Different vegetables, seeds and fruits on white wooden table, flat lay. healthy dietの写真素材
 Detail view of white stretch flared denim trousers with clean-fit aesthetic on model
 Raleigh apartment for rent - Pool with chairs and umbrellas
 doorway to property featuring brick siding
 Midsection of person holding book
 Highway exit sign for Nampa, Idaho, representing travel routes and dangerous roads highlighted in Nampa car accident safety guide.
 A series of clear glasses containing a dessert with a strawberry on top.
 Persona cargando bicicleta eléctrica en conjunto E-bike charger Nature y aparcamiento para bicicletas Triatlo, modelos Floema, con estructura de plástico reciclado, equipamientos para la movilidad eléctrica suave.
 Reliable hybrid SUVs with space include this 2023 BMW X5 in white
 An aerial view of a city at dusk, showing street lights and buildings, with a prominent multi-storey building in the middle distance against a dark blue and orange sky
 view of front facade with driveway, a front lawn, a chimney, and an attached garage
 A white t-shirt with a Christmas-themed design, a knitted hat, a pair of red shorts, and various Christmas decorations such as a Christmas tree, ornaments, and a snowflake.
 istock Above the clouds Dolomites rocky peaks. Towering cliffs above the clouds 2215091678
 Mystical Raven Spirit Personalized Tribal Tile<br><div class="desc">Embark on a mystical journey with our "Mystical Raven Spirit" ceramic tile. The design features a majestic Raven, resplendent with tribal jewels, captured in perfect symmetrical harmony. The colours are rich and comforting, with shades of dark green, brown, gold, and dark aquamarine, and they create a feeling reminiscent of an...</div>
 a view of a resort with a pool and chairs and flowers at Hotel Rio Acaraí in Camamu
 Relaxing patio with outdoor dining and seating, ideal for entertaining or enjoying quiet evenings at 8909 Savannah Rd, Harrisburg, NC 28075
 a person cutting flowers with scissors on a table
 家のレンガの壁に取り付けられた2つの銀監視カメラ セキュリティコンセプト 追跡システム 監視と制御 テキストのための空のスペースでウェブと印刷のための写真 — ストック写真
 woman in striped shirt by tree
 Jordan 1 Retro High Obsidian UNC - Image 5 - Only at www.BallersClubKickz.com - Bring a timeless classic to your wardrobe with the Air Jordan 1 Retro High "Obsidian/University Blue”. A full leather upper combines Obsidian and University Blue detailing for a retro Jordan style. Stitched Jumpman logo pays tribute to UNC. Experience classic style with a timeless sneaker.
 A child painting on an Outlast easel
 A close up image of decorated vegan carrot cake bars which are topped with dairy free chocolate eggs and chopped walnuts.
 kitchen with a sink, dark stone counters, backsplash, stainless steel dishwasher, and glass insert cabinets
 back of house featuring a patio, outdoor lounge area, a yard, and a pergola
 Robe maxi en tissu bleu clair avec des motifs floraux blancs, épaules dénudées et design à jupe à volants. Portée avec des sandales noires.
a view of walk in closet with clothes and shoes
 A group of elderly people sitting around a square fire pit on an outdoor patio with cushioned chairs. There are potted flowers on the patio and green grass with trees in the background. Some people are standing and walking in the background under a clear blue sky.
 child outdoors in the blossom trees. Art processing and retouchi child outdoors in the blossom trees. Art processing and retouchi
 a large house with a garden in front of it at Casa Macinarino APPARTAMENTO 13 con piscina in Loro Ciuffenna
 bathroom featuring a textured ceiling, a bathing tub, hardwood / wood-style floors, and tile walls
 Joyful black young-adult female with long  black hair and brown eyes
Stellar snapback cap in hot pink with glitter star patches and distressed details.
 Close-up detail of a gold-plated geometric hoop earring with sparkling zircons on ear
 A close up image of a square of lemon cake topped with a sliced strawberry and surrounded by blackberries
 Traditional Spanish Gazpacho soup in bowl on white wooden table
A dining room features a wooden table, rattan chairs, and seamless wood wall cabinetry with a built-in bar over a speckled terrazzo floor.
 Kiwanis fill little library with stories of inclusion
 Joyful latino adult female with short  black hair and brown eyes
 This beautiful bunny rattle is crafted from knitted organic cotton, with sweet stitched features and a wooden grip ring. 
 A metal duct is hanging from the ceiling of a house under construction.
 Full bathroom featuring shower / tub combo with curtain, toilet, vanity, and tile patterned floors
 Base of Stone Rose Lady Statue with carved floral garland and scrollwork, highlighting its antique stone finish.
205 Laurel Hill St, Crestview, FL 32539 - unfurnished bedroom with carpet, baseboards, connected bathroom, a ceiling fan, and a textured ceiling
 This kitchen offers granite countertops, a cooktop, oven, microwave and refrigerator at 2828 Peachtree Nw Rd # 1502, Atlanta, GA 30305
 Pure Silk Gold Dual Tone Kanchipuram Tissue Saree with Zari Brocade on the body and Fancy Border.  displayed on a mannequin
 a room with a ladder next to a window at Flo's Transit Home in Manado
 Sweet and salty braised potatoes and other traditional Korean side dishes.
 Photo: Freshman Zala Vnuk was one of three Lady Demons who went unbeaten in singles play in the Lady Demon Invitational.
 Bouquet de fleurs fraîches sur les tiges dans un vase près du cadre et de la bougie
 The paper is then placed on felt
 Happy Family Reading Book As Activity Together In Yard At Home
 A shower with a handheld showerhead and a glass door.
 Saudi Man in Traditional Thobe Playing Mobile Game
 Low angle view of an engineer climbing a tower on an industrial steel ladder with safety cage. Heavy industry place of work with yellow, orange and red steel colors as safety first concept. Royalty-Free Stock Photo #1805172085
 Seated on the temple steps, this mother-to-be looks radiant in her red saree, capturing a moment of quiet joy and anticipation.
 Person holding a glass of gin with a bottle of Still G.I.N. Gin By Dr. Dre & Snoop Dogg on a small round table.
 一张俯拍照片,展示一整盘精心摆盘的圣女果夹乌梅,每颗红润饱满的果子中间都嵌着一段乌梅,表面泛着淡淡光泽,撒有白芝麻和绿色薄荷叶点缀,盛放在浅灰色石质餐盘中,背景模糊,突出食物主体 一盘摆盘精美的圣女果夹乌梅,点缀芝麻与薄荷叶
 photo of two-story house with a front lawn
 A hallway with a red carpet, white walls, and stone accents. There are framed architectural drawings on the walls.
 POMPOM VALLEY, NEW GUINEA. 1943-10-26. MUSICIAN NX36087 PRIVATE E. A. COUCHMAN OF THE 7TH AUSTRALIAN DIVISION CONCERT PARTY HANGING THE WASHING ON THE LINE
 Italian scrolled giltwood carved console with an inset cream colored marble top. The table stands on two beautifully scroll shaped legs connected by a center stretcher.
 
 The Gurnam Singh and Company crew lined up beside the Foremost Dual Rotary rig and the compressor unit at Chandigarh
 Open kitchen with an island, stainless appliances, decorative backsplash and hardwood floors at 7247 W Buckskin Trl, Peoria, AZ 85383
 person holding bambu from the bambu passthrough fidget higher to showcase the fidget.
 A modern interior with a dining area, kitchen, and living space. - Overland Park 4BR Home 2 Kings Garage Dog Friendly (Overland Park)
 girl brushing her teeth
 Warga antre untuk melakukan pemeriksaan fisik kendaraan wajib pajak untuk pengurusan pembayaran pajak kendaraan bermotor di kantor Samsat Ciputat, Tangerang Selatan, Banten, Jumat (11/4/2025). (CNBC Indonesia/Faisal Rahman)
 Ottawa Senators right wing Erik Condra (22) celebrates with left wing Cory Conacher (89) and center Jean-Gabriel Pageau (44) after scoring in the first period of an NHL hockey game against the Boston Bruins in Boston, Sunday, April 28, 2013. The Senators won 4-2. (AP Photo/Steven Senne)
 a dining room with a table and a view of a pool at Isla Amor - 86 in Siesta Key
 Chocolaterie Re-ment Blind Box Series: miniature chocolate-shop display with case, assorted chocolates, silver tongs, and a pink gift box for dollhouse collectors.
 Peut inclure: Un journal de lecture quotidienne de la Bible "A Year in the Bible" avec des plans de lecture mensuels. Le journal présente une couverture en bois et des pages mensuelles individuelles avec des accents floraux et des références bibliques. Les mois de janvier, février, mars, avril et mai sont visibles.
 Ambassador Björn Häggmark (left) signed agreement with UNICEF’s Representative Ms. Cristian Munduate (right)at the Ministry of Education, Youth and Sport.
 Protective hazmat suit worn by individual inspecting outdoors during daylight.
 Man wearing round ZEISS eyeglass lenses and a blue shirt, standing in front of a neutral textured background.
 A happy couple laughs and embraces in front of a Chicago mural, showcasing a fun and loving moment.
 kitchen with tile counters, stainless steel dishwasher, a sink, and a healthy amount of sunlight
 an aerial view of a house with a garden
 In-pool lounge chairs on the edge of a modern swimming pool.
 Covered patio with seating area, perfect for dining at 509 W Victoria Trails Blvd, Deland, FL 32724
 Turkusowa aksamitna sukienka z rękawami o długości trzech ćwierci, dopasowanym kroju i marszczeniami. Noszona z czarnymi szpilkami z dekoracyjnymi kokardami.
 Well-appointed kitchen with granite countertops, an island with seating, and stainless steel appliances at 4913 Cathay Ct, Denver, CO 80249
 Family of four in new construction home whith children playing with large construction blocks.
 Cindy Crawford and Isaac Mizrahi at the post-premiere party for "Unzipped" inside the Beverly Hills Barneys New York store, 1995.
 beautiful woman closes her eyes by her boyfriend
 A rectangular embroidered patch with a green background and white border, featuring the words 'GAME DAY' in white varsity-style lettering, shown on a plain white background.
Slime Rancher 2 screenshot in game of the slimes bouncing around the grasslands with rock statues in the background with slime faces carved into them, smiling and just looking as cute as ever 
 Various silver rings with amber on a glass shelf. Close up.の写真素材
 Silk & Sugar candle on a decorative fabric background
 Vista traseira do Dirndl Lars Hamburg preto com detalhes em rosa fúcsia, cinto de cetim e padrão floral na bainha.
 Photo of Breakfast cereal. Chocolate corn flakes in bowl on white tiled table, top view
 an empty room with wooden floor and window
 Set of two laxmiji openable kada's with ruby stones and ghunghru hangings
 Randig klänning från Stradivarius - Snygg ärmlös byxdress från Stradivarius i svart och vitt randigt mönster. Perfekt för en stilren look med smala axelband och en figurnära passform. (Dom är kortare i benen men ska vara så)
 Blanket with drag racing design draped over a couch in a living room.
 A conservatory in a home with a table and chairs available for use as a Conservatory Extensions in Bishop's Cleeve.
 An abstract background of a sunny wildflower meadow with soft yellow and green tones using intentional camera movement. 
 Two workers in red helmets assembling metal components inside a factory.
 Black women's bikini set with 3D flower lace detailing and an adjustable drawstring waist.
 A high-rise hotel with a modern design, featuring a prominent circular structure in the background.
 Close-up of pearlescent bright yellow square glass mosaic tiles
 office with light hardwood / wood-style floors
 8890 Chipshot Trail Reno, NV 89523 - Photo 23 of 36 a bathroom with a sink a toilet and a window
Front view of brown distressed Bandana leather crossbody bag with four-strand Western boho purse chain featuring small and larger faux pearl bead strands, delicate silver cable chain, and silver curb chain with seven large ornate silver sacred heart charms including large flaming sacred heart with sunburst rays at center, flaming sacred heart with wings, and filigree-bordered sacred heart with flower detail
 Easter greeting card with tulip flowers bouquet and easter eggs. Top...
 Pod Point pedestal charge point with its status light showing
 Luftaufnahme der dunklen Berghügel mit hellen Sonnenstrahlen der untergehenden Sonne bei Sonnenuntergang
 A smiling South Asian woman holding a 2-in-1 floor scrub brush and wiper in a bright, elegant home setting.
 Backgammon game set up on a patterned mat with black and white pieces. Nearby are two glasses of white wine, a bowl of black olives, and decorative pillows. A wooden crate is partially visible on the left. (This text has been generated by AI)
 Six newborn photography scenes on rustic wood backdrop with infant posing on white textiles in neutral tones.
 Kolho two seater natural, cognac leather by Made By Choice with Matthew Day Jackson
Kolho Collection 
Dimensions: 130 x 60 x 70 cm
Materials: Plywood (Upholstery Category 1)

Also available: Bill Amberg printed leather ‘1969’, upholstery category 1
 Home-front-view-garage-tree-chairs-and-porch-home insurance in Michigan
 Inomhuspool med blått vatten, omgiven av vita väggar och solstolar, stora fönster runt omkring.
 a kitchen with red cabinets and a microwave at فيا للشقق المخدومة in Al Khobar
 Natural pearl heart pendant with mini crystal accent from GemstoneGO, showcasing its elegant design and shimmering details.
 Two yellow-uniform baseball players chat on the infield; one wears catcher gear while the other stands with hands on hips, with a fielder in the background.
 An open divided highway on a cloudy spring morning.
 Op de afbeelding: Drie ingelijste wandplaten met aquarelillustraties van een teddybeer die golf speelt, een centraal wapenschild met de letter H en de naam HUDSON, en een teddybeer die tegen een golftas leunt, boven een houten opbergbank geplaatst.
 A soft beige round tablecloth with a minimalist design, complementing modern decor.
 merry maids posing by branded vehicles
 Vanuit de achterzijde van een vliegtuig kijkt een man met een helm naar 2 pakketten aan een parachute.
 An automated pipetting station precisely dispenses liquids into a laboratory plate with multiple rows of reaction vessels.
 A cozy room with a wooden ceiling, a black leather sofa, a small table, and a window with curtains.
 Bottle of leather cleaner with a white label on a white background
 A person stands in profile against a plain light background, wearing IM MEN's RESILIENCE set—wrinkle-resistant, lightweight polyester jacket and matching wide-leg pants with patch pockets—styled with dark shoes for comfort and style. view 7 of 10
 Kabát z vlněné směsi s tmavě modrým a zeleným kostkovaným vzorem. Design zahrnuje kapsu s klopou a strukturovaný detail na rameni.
● ● ● ● ●
Go through the material above and output exactly the lines from the one containing "a large house" through the one containing "Joyful black young-adult".

 a large house with a garden in front of it at Casa Macinarino APPARTAMENTO 13 con piscina in Loro Ciuffenna
 bathroom featuring a textured ceiling, a bathing tub, hardwood / wood-style floors, and tile walls
 Joyful black young-adult female with long  black hair and brown eyes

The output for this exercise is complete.